Reports are that prostitution activity at many of those locations are ongoing.
“I believe the reports you are getting are accurate,” said Upland Police Captain Ken Bonson. “There is indication some of the city’s massage businesses serve as fronts for prostitution. We have several active investigations ongoing.”
Bonson said success in obtaining sufficient evidence to make any sort of case is hit and miss and that generally there is greater success at catching the woman engaged in the activity than in making a case against the actual operators of the establishments.
“The challenge is getting the owner,” Bonson said. “If we can get some proof the owner is involved, we can go through a process where we can revoke their conditional use permit.”
Almost invariably, Bonson said, when a woman is snared, the owner of the business will maintain he or she had no knowledge of the activity and that the prostitute was acting on her own, then making a show of firing the offending woman.
“That sounds believable if it is just one or a few, but when we know there are three or five at one location, it is obvious to me that at the very least the owner knows and is not doing anything about it,” Bonson said.
Despite that facade of innocence the owners attempt to perpetuate, they are in reality, Bonson said, part of a sophisticated “network where the women rotate from place to place. If they are arrested, they are sent to another city and someone from that city comes in to replace them. They move around. We may know what is happening but being able to prove it is something else.”
The California Legislature enacted Assembly Bill 1147, known as the Massage Therapy Act on September 18, 2014, significantly revising state law in a way that made licensing of massage therapists a function of the the California Massage Therapy Council, located in Sacramento. The act, which took effect a year ago today, on January 1, 2015, greatly limited local oversight of the massage license certificate holders and their conduct.
“Cities used to regulate massage parlors,” Bonson said. “We had inspections with all types of criteria. We’re talking about a background check, a health test, fingerprinting. The practitioner had to take a written test to prove they know something about massage therapy. Now, if they are licensed by the state, the city cannot revoke their licenses. This is challenging for us and it is challenging for the legitimate places.”
Bonson said that “Code enforcement can still regulate these business to some degree. We can still, for example, make sure that these businesses have a public restroom available, but we have no authority over who is licensed and who isn’t.
Obviously, prostitution laws can be enforced but they are pretty good about not taking chances in the way they operate. We can send an undercover officer in, and we have, but usually if the officer tries to discuss something directly they immediately shut down.”
Bonson said intent to engage in prostitution is difficult or impossible to obtain beforehand and is complicated by the consideration that during many or even most legitimate massage sessions the customers are told to undress. An implicit rather than explicit protocol attends these illicit encounters, Bonson said, which includes payment that is coded as a gratuity.
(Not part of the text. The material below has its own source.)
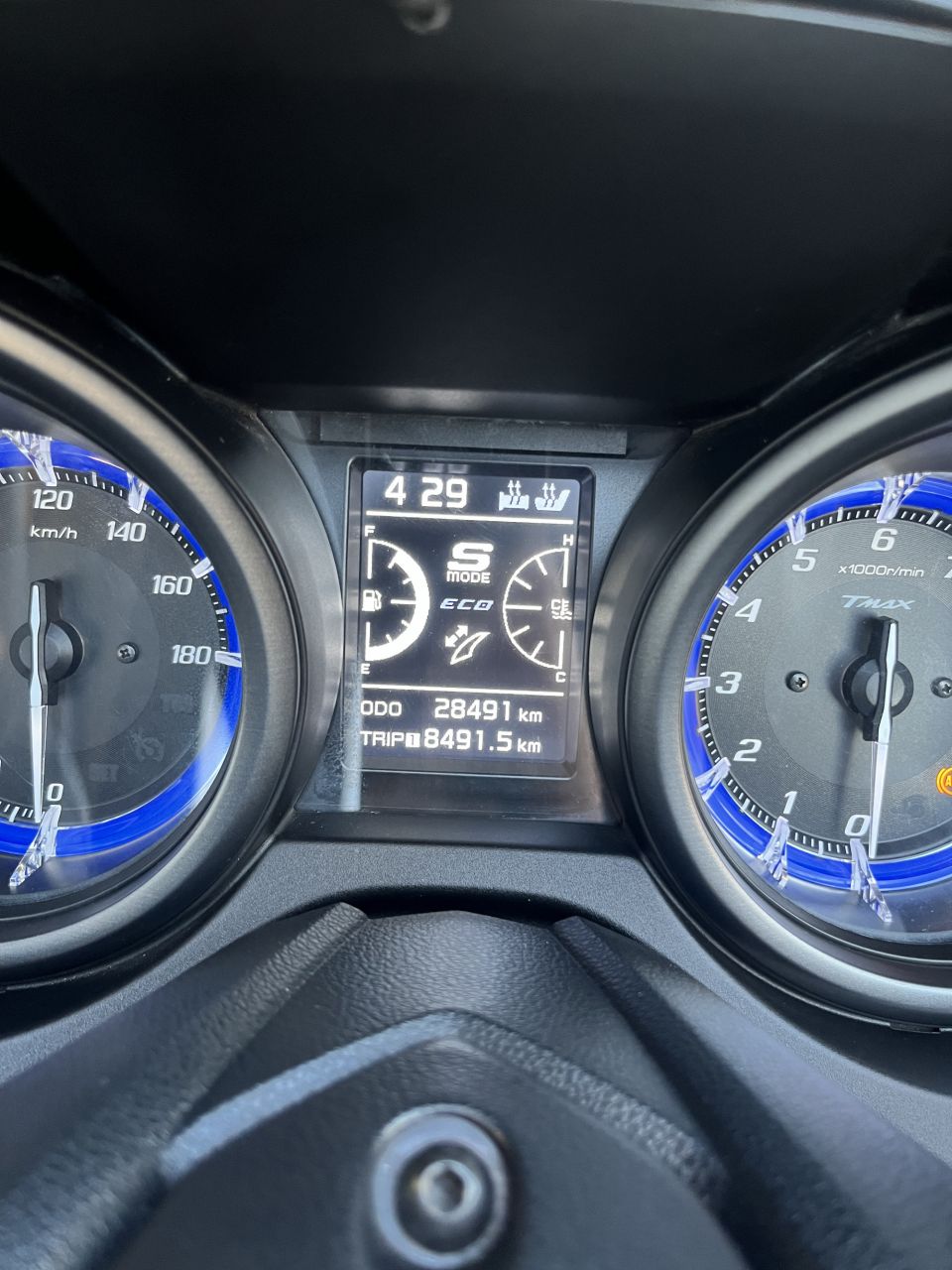 YAMAHA XP T-MAX 560 TECH MAX KAMO 4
“There isn’t really any discussion about it,” Bonson said. “The customer will get the massage with a happy ending, so to speak, and the masseuse gets a tip after the services are rendered, in addition to the normal hourly rate. Oftentimes in our investigations we end up spinning our wheels.”
Bonson said there is some desire on the part of certain elements of the community to have the police department act, but that some others consider it to be “a victimless crime. But that is not really the case. When you look into it, you will see there is a
human trafficking element to this. I don’t have proof that is the case in our city, but when you talk to some of these women, you can come away with the impression they are not doing what they are doing voluntarily.”
Bonson said an undercover operation in December inside the Tropical Lei had netted an arrest of a woman on suspicion of engaging in prostitution.